- Episode no.: Season 1 Episode 4
- Directed by: Jeff Myers
- Written by: Tom Kauffman
- Original air date: January 13, 2014
- Running time: 22 minutes

Guest appearances
- Dan Harmon as Kevin as Mr. Marklovich; ; Kari Wahlgren as Cynthia as Jessica; ; Brandon Johnson as Mr. Goldenfold; David Cross as Nebulon;

Episode chronology
| ← Previous "Anatomy Park" | Next → "Meeseeks and Destroy" |
- Rick and Morty season 1

= M. Night Shaym-Aliens! =

"M. Night Shaym-Aliens!" is the fourth episode of the first season of the American science fiction television series Rick and Morty. Directed by Jeff Myers and written by Tom Kauffman, the episode was aired on January 13, 2014. It stars Justin Roiland as both titular characters, Rick Sanchez and Morty Smith, Chris Parnell as Jerry Smith, and Sarah Chalke as Beth Smith. Summer Smith, a series regular voiced by Spencer Grammer, does not appear in the episode.

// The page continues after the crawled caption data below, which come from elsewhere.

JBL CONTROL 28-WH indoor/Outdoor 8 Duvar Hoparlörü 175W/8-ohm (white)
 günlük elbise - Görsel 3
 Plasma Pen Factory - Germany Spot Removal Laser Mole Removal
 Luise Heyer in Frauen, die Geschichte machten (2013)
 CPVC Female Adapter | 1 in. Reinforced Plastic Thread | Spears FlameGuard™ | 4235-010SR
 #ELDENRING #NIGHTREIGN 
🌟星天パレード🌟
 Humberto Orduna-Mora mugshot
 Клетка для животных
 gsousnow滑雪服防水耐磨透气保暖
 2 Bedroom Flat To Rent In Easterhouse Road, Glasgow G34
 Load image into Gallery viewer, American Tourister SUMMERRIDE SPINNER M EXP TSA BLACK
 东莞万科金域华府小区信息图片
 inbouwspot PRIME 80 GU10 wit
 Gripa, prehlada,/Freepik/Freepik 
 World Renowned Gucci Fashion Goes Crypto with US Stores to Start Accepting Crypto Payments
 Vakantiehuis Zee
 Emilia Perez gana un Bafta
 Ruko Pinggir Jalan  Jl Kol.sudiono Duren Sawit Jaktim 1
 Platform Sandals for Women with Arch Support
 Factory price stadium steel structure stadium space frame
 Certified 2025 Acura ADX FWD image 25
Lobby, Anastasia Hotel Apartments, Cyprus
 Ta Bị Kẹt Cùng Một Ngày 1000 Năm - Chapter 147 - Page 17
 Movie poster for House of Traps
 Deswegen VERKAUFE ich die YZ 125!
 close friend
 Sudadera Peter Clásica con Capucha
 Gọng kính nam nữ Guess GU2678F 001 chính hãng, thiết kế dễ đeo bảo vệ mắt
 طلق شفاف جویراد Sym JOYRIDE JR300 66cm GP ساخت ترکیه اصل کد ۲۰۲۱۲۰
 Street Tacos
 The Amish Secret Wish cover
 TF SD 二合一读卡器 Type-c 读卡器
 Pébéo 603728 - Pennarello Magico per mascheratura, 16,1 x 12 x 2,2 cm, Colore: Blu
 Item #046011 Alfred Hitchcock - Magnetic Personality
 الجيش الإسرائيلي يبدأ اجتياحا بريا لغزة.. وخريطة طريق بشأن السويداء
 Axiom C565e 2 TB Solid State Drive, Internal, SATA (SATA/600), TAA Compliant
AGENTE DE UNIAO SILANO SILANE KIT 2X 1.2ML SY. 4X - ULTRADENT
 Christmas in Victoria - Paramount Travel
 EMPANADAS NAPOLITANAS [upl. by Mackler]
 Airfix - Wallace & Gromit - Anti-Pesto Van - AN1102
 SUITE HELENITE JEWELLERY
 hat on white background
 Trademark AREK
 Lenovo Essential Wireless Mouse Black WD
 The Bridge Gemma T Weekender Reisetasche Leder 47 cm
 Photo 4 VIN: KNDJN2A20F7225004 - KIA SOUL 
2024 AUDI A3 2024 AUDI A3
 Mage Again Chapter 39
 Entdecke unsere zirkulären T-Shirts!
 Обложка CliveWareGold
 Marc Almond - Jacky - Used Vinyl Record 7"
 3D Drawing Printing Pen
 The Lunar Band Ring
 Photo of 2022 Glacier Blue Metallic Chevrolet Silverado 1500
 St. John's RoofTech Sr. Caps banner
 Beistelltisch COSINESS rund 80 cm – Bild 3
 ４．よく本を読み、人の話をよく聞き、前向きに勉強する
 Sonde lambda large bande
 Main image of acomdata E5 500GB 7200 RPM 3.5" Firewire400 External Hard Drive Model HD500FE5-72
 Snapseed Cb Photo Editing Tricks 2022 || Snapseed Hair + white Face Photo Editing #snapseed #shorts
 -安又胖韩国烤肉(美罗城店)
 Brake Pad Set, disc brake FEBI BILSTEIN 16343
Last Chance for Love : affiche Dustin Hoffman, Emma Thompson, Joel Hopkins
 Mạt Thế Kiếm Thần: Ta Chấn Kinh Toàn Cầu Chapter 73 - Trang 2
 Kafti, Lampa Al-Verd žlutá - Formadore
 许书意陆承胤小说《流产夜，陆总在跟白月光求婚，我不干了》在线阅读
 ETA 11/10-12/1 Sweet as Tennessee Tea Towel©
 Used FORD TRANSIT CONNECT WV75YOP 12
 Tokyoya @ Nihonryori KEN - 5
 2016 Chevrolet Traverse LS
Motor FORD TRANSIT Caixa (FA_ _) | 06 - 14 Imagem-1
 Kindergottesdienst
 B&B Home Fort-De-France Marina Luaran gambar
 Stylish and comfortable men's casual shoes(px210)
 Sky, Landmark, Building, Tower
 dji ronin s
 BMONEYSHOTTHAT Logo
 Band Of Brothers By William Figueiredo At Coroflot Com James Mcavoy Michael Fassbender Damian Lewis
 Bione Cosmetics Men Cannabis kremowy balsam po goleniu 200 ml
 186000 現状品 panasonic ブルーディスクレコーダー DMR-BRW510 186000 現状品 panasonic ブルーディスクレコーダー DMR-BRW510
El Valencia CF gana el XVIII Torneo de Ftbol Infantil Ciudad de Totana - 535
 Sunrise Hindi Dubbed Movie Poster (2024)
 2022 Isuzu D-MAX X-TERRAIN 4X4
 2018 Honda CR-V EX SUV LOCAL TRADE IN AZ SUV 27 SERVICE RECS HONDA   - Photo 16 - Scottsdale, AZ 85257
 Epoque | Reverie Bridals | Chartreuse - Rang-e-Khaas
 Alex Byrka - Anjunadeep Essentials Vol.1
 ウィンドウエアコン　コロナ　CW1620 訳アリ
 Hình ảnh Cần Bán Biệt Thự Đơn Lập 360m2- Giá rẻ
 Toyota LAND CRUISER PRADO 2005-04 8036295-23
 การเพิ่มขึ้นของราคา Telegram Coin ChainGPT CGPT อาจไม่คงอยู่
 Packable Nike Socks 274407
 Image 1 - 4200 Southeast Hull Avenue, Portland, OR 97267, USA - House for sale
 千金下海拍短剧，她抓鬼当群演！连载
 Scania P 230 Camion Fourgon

The title of the episode is a reference to Indian-American filmmaker M. Night Shyamalan and his penchant for twist endings. The episode received positive reviews from critics upon its premiere.

== Plot ==
Aliens hold Rick and Jerry captive in a virtual reality, in an attempt to steal Rick's recipe for Concentrated Dark Matter, which would allow them to travel at higher speeds in outer space. As Rick repeatedly attempts escape with Morty (later revealed to be a simulation), he discovers that there are multiple virtual realities layered on top of each other; each simulation's version of the aliens running the "lower" simulation. In contrast, Jerry—despite numerous system glitches—remains completely oblivious, and continually attempts to sell his advertising slogan for apples. Rick finally outsmarts the aliens by giving them a fake recipe, who send Rick and Jerry back to Earth. Their ship explodes as they prepare the concoction.

In a post-credits scene, Jerry is fired on the spot after debuting his new advertising slogan in the real world. At night, a drunk Rick enters Morty's room and threatens him with a knife, demanding to know if Morty is a simulation. His earnest terror convinces Rick of his innocence, and Rick apologizes before passing out.

== Reception ==
=== Ratings ===
Upon its airdate, the episode was watched by 1.32 million American viewers.

=== Critical response ===
The first season has an approval rating of 96% on Rotten Tomatoes based on 28 reviews, with an average rating of 8.19 out of 10. The site's critics consensus reads, "Rick and Morty zaps onto screens and makes an instant impression with its vivid splashes of color, improvisational voice acting, and densely-plotted science fiction escapades -- bringing a surprising amount of heart to a cosmically heartless premise." Joe Matar of Den of Geek praised the role Jerry's character had in the episode, saying "This episode manages to give a good bit of insight into what an utter sad sack Jerry is that his best day ever took place in a low-functioning simulation. It's nice to see an episode give over a significant portion of its focus to another member of Rick and Morty's family and for it to hold up as well as the main, crazy, action-y, sci-fi portion."

Zack Handlen of The A.V. Club also commented on Jerry's appearances, saying "Jerry's story, in which the schlub manages to have the best day of his life inside a simulation operating at five percent processing speed, isn't the same kind of entertaining, but it fits the character well. The mix of dark, existential comedy (Jerry is so pathetic that sex with a duplicate of his wife that doesn't even take off its clothes or move is somehow the best sex of his life) and computer glitch jokes works well, and it's impressive to watch such a complex balance of reference and humor still manage to be character-based." Corey Plante of Inverse wrote that "[t]his horrific, tenuous push and pull of intimacy mixed with malignant alcoholism and abuse pervades throughout the entire show as one of its defining features, and nowhere is it more firmly established than in 'M. Night Shaym-Aliens!' But when it comes to the sci-fi gimmicks, they're all better used in future episodes."